NEW ORLEANS — On the second day of testimony in the Gulf of Mexico oil spill trial, BP’s top executive for North American operations at the time of the disaster insisted that his company was not solely to blame and shared responsibility for the accident with its contractors.




Lamar McKay, the former president of BP America and current chief executive in charge of global upstream operations, faced questioning on Wednesday from lawyers from Transocean, the Deepwater Horizon rig, and Halliburton, the cement provider, who insisted that BP was ultimately responsible for the accident.


“We agreed that we are part of the responsibility for this tragic accident,” Mr. McKay said on the stand. “We were part of the cause of the accident, yes.”

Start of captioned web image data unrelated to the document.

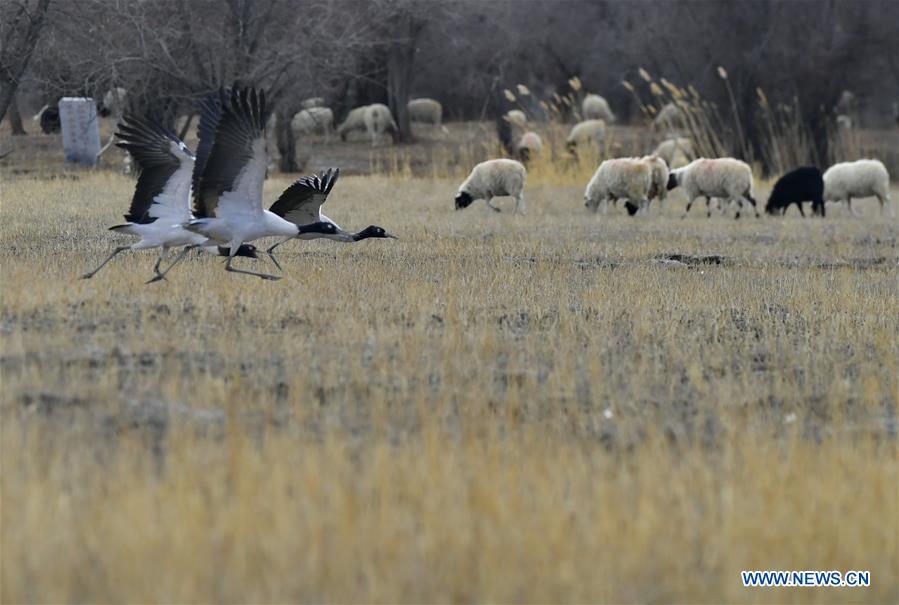 CHINA-TIBET-XIGAZE-BIRDS (CN)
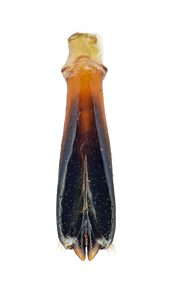 Neospades chrysopygia, PL3227D, male, aedeagus, MU, 7.1 × 2.7 mm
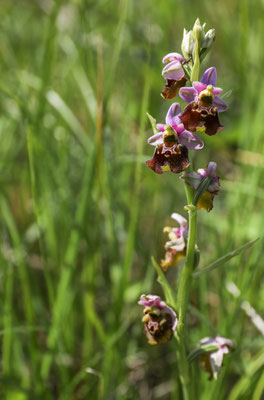 Fläsch GR, 17.5.2025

Don Godwin, Halliburton’s lawyer, argued that had tests that BP had misinterpreted shown that the cement that sealed the well was defective, the cement could have been fixed and the accident would not have happened.


“We agreed there were misinterpretations,” Mr. McKay said. “That was one of the causes.” But he added that BP depends on its contractors.


On Tuesday, Mr. McKay acknowledged that a well explosion had been identified as a risk before it happened.


“There was a risk identified for a blowout,” he said. “The blowout was an identified risk, and it was a big risk, yes.”


Robert Cunningham, a lawyer for private plaintiffs, tried to pin down Mr. McKay on BP’s responsibility for the 2010 disaster that killed 11 workers and dumped millions of barrels of oil into the gulf. Mr. Cunningham suggested that the British company’s cost-cutting and risk-taking culture were at the heart of the explosion and spill. He pressed Mr. McKay on the fact that a BP report on the accident held contractors responsible, but did not cite management failures.


Mr. McKay repeatedly responded that BP was responsible for designing the well, but that the rig, cement and other contractors shared responsibility for safety on the drilling operations.


“It’s a team effort,” he said. “It’s a shared responsibility to manage the safety and risk.” There was little, if anything, in his comments that diverged from what BP executives have said in the past.


The Federal District Court trial in New Orleans combines suits brought by the Justice Department, state governments, private businesses and individual claimants against BP and several of its contractors. Decisions on culpability and damages could be a year or more away, but they are likely to have profound effects on environmental law and on the viability of BP as a major oil company with global ambitions.